RALEIGH, N.C. (WNCN) – Plans for a stadium and entertainment district in southeast Raleigh could take a step forward this week.
Thursday, Raleigh’s Planning Commission will examine rezoning parcels for mixed use as part of the “Downtown South” district.
However, two groups are raising concerns about the plan’s potential impact on the surrounding neighborhood.
“You shouldn’t add anything that’s not going to enhance and enrich the lives of those that already live there,” said Sade Gilbert. “If it’s not going to enhance and enrich, then it’s going to displace them. So where are they going to go?”
Sade Gilbert lives in southeast Raleigh and is a member of Livable Raleigh, a community organizing and advocacy group.
Gilbert said she was initially excited about the proposal to build a soccer stadium with retail, restaurants and housing south of the city.
“Raleigh is growing. You have people moving here every day. That’s an exciting place to be in Raleigh as is. You add a stadium, even more excitement,” Gilbert said.
However, Liveable Raleigh worries the plan will negatively impact historically-black communities in southeast Raleigh.
Specifically, Gilbert is concerned about access to affordable housing.
Gilbert said she does support the plan, so long as it’s done responsibly and with equitable access to the district.
“We just want a plan that shows you’ve taken into consideration the people who live there and you actually have a plan for how they are going to live while the stadium is being built and after. So, they can indulge and have fun,” she said.
Another group, ONE Wake, also has concerns about Downtown South’s impact on the environment and the surrounding communities.
“Black and brown people have been displaced and not reaped the benefits of the geography they once occupied. We don’t want that history to repeat itself,” said Rev. Jemonde Taylor of St. Ambrose Episcopal Church.
Taylor said his church, and the historic Rochester Heights district, are prone to flooding.
An issue he fears will worse if steps aren’t taken.
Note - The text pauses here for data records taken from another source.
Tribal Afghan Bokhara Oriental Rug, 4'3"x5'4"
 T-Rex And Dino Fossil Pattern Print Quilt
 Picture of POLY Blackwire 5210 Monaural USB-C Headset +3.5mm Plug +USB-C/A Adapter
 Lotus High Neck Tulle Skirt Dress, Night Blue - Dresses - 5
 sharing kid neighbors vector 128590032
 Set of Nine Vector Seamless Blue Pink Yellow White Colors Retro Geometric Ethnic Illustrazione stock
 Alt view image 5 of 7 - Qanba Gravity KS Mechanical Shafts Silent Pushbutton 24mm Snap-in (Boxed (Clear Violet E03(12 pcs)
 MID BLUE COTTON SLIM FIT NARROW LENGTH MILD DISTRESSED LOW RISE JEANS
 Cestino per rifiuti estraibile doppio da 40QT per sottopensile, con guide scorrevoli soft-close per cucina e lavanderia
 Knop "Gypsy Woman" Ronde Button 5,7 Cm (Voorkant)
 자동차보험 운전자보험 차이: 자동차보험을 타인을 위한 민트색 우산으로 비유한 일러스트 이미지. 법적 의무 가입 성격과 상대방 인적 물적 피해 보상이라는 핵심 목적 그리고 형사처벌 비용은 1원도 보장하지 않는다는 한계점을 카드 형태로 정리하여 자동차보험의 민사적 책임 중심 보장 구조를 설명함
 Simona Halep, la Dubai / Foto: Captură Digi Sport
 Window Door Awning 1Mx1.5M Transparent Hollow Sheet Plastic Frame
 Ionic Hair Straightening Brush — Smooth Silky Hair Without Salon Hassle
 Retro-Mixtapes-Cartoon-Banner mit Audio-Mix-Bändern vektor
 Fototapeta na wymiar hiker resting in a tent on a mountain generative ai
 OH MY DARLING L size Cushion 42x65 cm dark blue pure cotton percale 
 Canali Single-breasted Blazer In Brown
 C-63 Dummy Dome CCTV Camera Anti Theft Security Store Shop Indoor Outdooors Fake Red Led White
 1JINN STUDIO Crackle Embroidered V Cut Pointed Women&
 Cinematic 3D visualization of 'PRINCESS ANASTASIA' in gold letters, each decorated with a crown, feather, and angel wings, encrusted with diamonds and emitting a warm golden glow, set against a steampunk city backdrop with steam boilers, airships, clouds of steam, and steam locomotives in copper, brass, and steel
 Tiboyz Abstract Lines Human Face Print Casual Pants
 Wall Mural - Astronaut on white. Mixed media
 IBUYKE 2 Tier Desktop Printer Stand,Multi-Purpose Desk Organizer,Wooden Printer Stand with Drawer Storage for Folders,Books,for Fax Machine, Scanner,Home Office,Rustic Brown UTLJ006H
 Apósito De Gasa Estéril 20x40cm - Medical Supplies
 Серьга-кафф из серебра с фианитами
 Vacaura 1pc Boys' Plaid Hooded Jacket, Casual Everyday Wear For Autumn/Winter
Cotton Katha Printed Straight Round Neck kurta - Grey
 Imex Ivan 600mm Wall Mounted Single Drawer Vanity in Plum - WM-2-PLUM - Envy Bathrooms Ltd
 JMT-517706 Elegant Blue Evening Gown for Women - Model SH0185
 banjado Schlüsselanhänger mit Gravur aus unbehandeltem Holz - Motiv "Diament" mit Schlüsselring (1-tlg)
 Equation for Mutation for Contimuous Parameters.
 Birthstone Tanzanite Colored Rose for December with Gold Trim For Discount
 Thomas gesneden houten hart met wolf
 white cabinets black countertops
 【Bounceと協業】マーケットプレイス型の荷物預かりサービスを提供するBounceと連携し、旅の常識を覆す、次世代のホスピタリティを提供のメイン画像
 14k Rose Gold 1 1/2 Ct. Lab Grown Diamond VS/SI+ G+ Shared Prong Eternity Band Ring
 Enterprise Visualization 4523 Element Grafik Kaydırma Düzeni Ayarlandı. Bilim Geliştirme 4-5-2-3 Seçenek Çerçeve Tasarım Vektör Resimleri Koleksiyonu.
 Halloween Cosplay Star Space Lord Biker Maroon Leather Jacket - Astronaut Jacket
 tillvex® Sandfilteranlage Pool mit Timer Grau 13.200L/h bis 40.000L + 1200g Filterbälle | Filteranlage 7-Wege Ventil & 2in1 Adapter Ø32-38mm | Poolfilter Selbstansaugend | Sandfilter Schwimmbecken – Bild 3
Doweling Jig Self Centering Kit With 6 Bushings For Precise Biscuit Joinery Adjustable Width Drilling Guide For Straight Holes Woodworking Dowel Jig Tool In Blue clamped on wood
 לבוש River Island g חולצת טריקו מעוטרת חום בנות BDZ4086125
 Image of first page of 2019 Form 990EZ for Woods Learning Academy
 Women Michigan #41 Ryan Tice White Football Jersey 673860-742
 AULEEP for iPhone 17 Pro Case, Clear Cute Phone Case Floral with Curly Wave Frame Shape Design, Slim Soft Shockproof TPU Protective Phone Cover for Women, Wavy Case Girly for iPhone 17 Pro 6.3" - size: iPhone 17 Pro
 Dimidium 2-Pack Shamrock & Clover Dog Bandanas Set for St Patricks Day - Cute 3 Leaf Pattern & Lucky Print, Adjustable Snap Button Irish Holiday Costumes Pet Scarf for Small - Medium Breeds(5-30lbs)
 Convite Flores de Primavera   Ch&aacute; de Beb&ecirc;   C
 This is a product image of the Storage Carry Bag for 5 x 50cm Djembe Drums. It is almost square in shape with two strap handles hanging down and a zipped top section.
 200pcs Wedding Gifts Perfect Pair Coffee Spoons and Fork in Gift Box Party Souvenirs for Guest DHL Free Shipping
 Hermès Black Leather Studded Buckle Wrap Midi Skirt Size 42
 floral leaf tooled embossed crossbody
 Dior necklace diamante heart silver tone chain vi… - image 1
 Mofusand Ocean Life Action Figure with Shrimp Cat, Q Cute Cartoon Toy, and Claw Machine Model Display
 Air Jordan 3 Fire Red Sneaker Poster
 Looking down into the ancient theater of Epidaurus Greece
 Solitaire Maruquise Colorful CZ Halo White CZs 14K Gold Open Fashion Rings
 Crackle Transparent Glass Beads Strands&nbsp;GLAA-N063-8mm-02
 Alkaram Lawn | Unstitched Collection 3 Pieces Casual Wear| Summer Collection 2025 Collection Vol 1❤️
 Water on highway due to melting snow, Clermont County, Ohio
He says his church is about three-quarters of a mile downstream along Walnut Creek from the Downtown South proposed site.
The creek runs right through the planned district.
“If the development goes through with unmitigated flood water, I am convinced that Saint Ambrose will flood because our church is in a floodplain,” he said.
Despite his concerns, Taylor said he believes the project could have “tremendous benefits” for the community.
Kane Realty did not respond to CBS 17’s request for an interview.
On Oct. 5 during a virtual town hall for property-owners within 1,000 feet of the project site, an associate director at Kane, Josie Reeves, addressed the flooding concerns.
“We are humbly accepting the challenge and we are seeking help and have already employed the help of environmental agencies,” said Reeves.
On the Downtown South website, Kane says “affordable and workforce housing are an integral part of the Downtown South plan. While the development project does not displace any residents today, delivering housing options in the project area is key to a live-work-play environment. The developers are already in discussions with various housing developers to consider different options and price points.”
Thursday, the Planning Commission’s will examine rezoning requests to determine if they are in the public interest.
The commission will make a recommendation to the City Council, who will then hold a public hearing.
Plans for the $2 billion sports and entertainment district were unveiled in June 2019.
The project would sit at the intersection of South Saunders Street and Interstate-40, and include a 20,000-seat open-air stadium with street-level retail, office space, and housing.
Developers said the project could bring $3.8 billion in economic activity over the next 15 years, and 5,900 jobs.
The district would be privately funded but needs $13 million per year from Wake County’s hotel/motel taxes.
If approved construction would begin in phases with the first to begin in late 2021.
The goal is to have phase one complete by the end of 2023.